2. The level of the geological knowledge is high enough to reconstruct with a high degree of detail the internal structure of virtually all alkaline intrusions. Because most of the massifs were known to contain rare-metal ores, the area of all intrusions was covered by a large-scale geological survey, and the massifs were drilled to depths of 200-2000 m.
3. All products of Paleozoic igneous activity were emplaced during a relatively short time interval of 380-360 million years [Kramm et al., 1993]. This suggests that they originated during one strictly limited period of tectonomagmatic reactivation. This period was preceded by a long amagmatic period of the Baltic shield history, which lasted more than 1.3 billion years. No magmatic post-devonian events have been registered in the NE part of Fennoscandia.
4. The isotopic and geochemical characteristics of the Paleozoic plutonic and subvolcanic rocks of the province suggest the minimum contribution of crustal material in the origin of the alkaline rocks [Beard et al., 1998; Kramm and Kogarko, 1994; Zaitsev and Bell, 1995] and in the origin of their parental magmas as a result of the direct melting of the old mantle material depleted in the course of the Archean and Proterozoic crust formation [Arzamastsev et al., 1998b].
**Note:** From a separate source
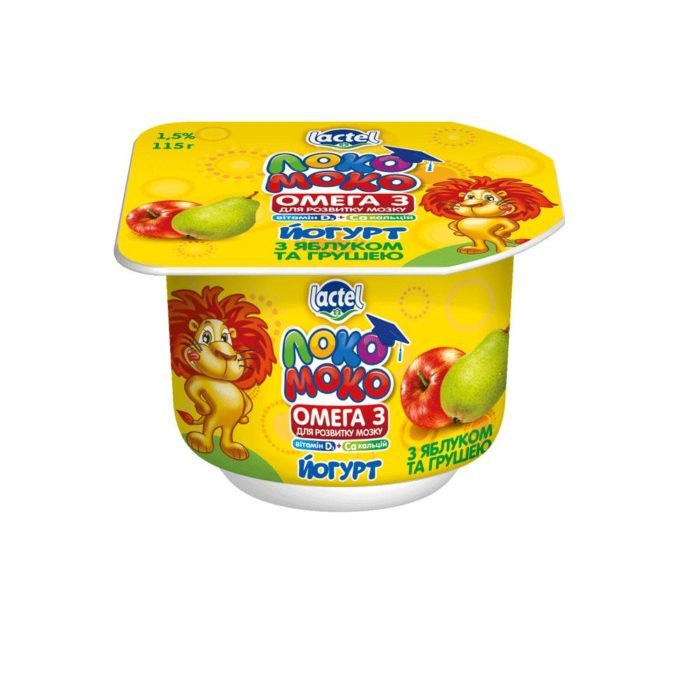 Yoghurt 1,5% Apple-Pear, with Calcium, Omega3 and Vitamin D3 Loko Moko (cup 0,115 kg)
The above features place the Kola Province into the number of the most promising regions where the reconstruction of the initial composition of the mantle is permissible.
We calculated the volumes of the alkaline ultrabasic intrusions using the results of our 3-D density modelling based on geophysical data, which enabled us to determine the geological structure of the intrusions to a depth of 22 km. The essence of the regional density modelling of the Earth's crust under the Baltic shield and the technique of the 3-D density modelling of alkaline intrusions were discussed earlier [Arzamastsev et al., 2000a; The Structure of the Baltic Shield Lithosphere, 1993]. The interpretation of gravity data aimed at determining the structure of the central-type massifs consisted of two stages: first to calculate a regional density model for the crust and the gravity field it produced, and second to interpret the local gravity anomalies produced by density inhomogeneities in the upper crust.
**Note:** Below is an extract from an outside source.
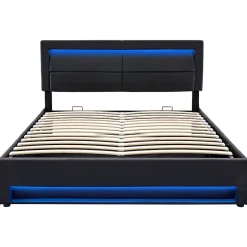 Lit rembourré hydraulique lit coffre lit 140x200 cm lit de rangement lit connexion usb lit eclairage led lit double pu noir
Our calculation of a detailed density model for the upper crust was based on
the method and calculation technique offered by V. N. Strakhov
[Strakhov, 1990, 1999]
for solving a general inverse linear problem. In our practical use of this method
we introduced some additions to improve the convergence of the iteration solution
of
our 3-D inverse problem. To pick out local high-gradient anomalies, we used our own
version
of dispersion filtering, close in its sense to the known methods of adaptive filtering
[Nikitin, 1979].
The spacing of our grid for calculating a 3-D density
model was 2
2 km in plan, and the vertical interval
was specified using a discrete
series of the grid nodes: 0, 1.0, 2.0, 3.5, 5.0, 7.0, 9.0, 11.0, and 14.0 km.
The accuracy
of solving the inverse gravity problem was chosen to be
0.25 mgal. This accuracy
was sufficient for the accuracy of the density solution to be
10 kg/m3. This
algorithm of the calculation and visualization of the results was used to write computer
programs to have the results of modelling in a graphic form.
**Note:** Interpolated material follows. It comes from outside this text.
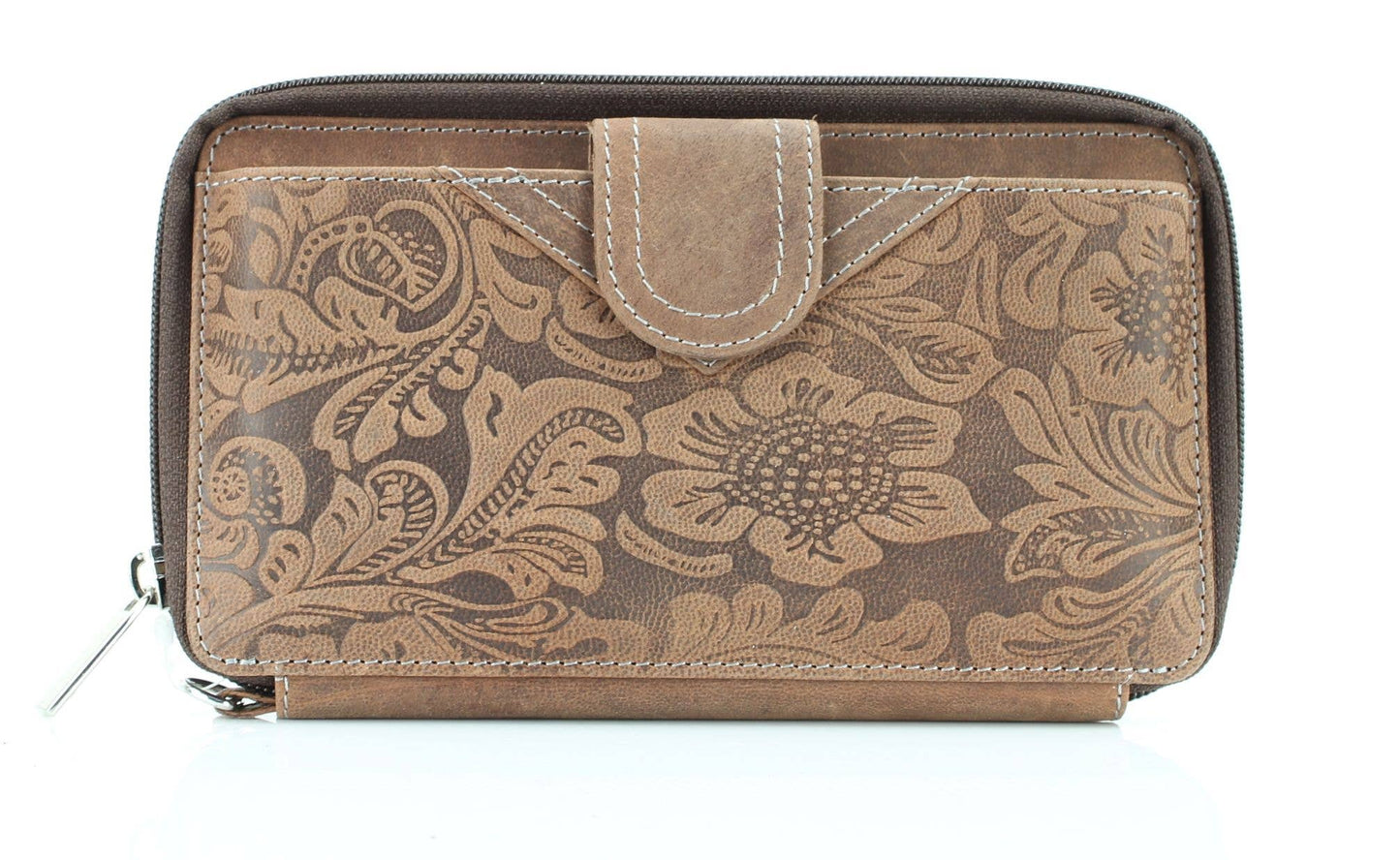American Bison Floral Tooled Ladies Wristlet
In our calculation of volumes we included all known occurrences of alkaline-ultrabasic and carbonatite magmatism (Kovdor, Turii Mys, Afrikanda, Sebl'yavr, Vuoriyarvi, and other intrusions), the huge alkaline rock complexes of Khibiny and Lovozero, and also volcanic rocks from the Kontozero caldera. In view of the fact that the volume of the Paleozoic alkaline dikes was hard to calculate, we assumed, using the swarms of alkaline lamprophyre dikes, known from the Kandalaksha River shore and from the Neblo Mt. area, their volume to be 10% of the total volume of the alkaline-ultrabasic intrusions. It is obvious that the error of determining the dike volume may be as high as 50% or even higher.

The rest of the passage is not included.